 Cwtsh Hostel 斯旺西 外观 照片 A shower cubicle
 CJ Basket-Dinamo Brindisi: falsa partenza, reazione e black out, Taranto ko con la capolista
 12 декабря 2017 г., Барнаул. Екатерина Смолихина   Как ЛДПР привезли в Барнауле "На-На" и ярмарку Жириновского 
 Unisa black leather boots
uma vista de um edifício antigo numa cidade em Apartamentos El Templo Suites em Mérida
☆ ☆ ☆
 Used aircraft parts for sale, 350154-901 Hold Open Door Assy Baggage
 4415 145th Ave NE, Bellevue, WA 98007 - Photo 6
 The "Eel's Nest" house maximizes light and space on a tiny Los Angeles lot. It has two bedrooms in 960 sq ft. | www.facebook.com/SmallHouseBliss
☆ ☆ ☆
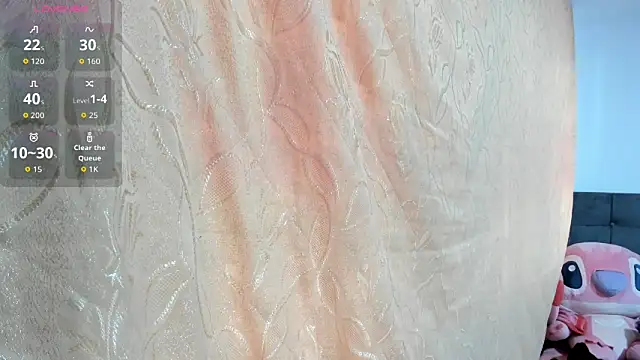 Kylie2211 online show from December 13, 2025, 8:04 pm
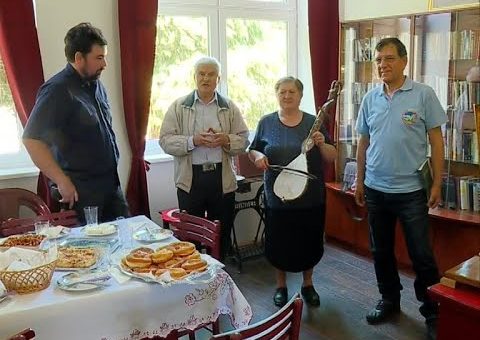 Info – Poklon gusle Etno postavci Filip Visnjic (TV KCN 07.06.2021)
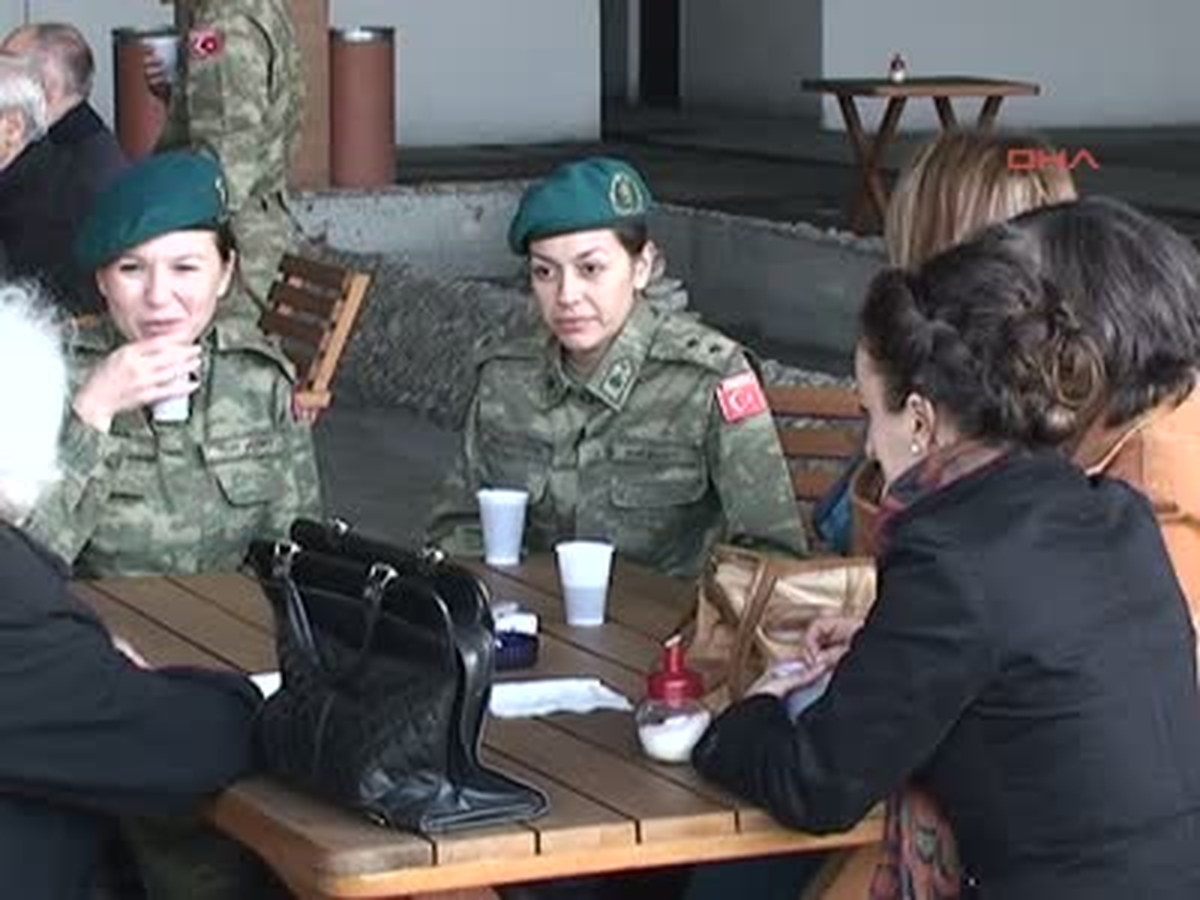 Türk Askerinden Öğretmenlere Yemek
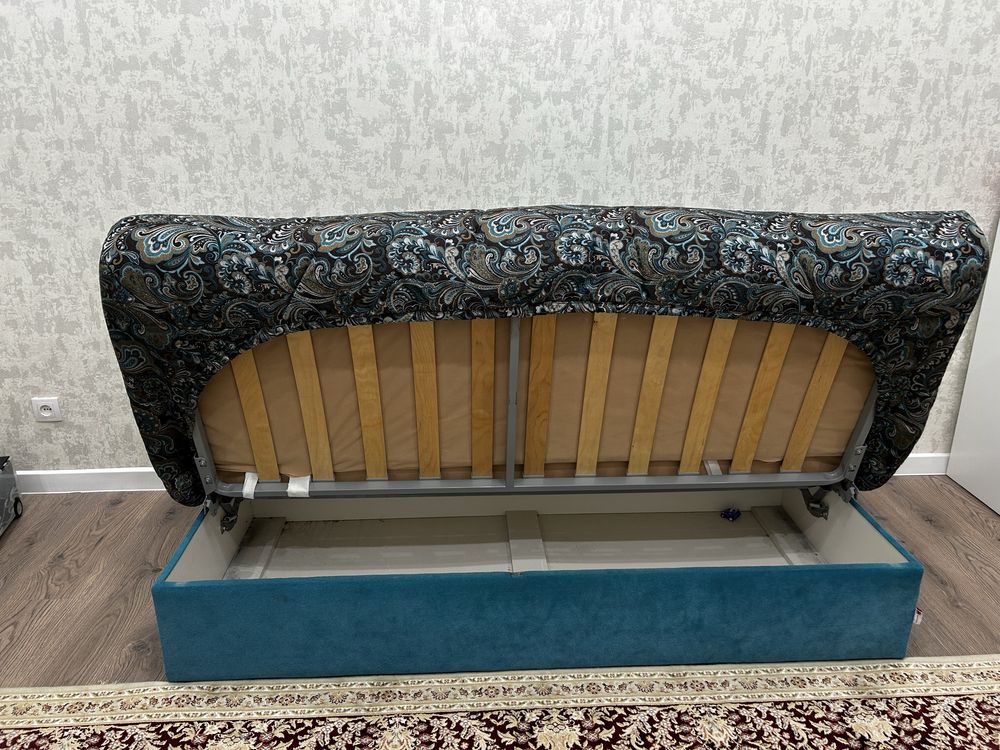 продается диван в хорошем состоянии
☆ ☆ ☆
**To do**
Repeat exactly the lines above from the one with "CJ Basket-Dinamo Brindisi: falsa" up to and including the one with "uma vista de". No other line belongs in the reply.

**Solution to this exercise**
 CJ Basket-Dinamo Brindisi: falsa partenza, reazione e black out, Taranto ko con la capolista
 12 декабря 2017 г., Барнаул. Екатерина Смолихина   Как ЛДПР привезли в Барнауле "На-На" и ярмарку Жириновского 
 Unisa black leather boots
uma vista de um edifício antigo numa cidade em Apartamentos El Templo Suites em Mérida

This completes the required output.